Mavi vatan ne anlama gelir?
Mehmet Kaçar
Türkiye Cumhuriyeti’nin bekası, güvenliği, bölünmez bütünlüğü, refah ve huzuru üç tarafını çevreleyen masmavi denizlerin sularındaki haklarının korunmasına bağlıdır. Türkiye’nin güvenliği, Libya, Cezayir, Mısır, Rusya, Yunanistan ve diğer Ak Denize sınırı bulunan ülkelerin sınırlarından başlar. Eğer üç tarafımızı çevreleyen denizler, ülkemiz için güven vermiyor ve biz bu güvenliği sağlayamıyorsak, ülkemizin geleceği ve bağımsızlığı da tehlike arz eder. İşte bu ve benzeri sebeplerden dolayı, Türkiye deniz komşuları ile antlaşmalar yapmalı ve o ülkelerde Türkiye’nin geleceğine zarar verecek girişimleri bertaraf etmeli ve bertaraf edebilecek deniz gücüne sahip olmalıdır.
Eğer denizlerimizde, kendi milli menfaatlerimiz ve ülke savunmamızı sağlayacak güce ulaşamazsak, bu konuda en ufak bir zafiyet gösterirsek, ülke sınırlarımızı korumamız oldukça zorlaşır. Bunun için Türkiye, Kıbrıs ve Libya ile sınır anlaşmaları yaparak Ak Denizin mavi sularında kontrol sağlamayı başardı. Sırada ise diğer denize sınırı olan komşularımız var.
Osmanlı İmparatorluğu, yükselme dönemlerinde dünyanın en güçlü ve en hızlı deniz filosuna sahip olduğu için imparatorluk olabilmiş ve o dönemlerde dünyaya tek lider devlet olduğunu kabul Zira o dönemde, çok güçlü bir kara ordusu ve yine denizlere hâkim olabilmek için çok seri ve hızlı hareket kabiliyetine sahip deniz filosuna sahip olduğu için anında düşmanların tepesine binebiliyordu. Yine o yıllarda dünyada kara ve deniz orduları vardı ve hava kuvvetleri yeni yeni filizleniyordu.
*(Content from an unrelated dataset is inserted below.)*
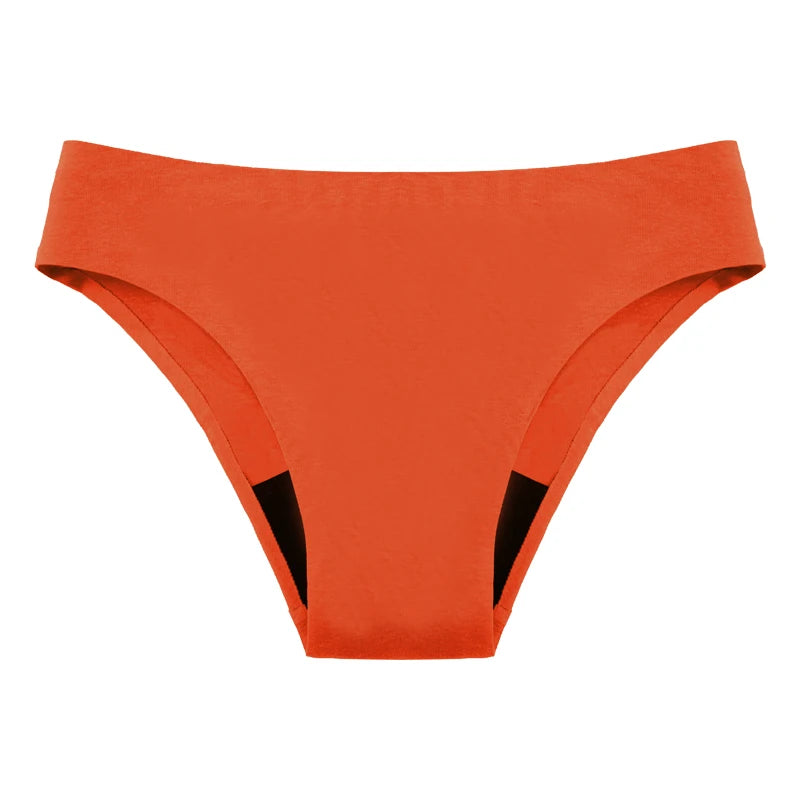 Culotte menstruelle bikini sans couture ultra stretch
Osmanlı deniz kuvvetleri sadece Avrupa’da değil, dünyada da ilk sıralarda yer aldığı dönemlerde yükselmiş ve süper güç haline gelmiştir. Bu sihirli gücünü kaybedip, havada da yeni bir güç oluşturamadığı dönemde de mağlubiyetler gelmiş, netice olarak ise sadece Anadolu’ya hapis edilmiştir.
Altıncı asırda Türklerin Akdeniz hâkimiyetini tescilleyen iki büyük deniz harbi vardır:
Bunlardan birisi Barbaros Hayrettin Paşa’nın tarihteki meşhur olan Preveze deniz harbidir. Bir diğeri de, en büyük Osmanlı denizcilerinden kaptan-ı derya(denizlerin kaptanı) Piyale Paşa’nın 1560 yılında 14 Mayıs Salı günü Avrupa’nın iki yüz gemilik Hıristiyan müttefikler donanmasına karşı Tunus’la Trablus arasına denk gelen Gebes körfezindeki Cebre adası önlerinde, yüz yirmi gemilik filodan ibaret Türk donanması ile kazandığı büyük zaferdir.
Bu parlak zaferi kazanan Piyale Paşa İstanbul’a dönünce şenliklerle karşılanmışsa da, o zamanın kanunlarına göre beylerbeylik payesinde kıdemi olmadığı için vezaret payesi ile taltif edilememiş, yalnız Kanuni’nin torunlarından Cevher hatun Sultan ile evlendirilerek gönlü alınmıştır.
Kâtip Çelebi bu önemli konuyu şöyle kayıt altına almıştır:
“Beğlerbeğlik payesi alalı iki yıl olmuştur, bu defa vezaret payesi verilir ise tez olmuş olup rütbe-i vezaret tedenni bulur diye Sultan Süleyman Han tecviz buyurmayıp reva görmediler, lâkin riayeti murad-ı hümayun vafir ihsan ve terakkiler ile tekvirden sonra şehzadeleri Sultan Selimm Han’ın Cevher Han nam duhterini kenduye tezviç buyurdular, beş sene sonra rütbe-i vezaret inayet olundu..” O zamanki telakkiye göre bir kumandan için zafer kazanmak en tabii vazife demektir ve bu vazifenin ifası da kanunun ihlâline sebep değildir.
Her halde Kanuni’nin büyüklüğü, kendisini kanunlardan küçük görmesinden gelmektedir. Selâmetle!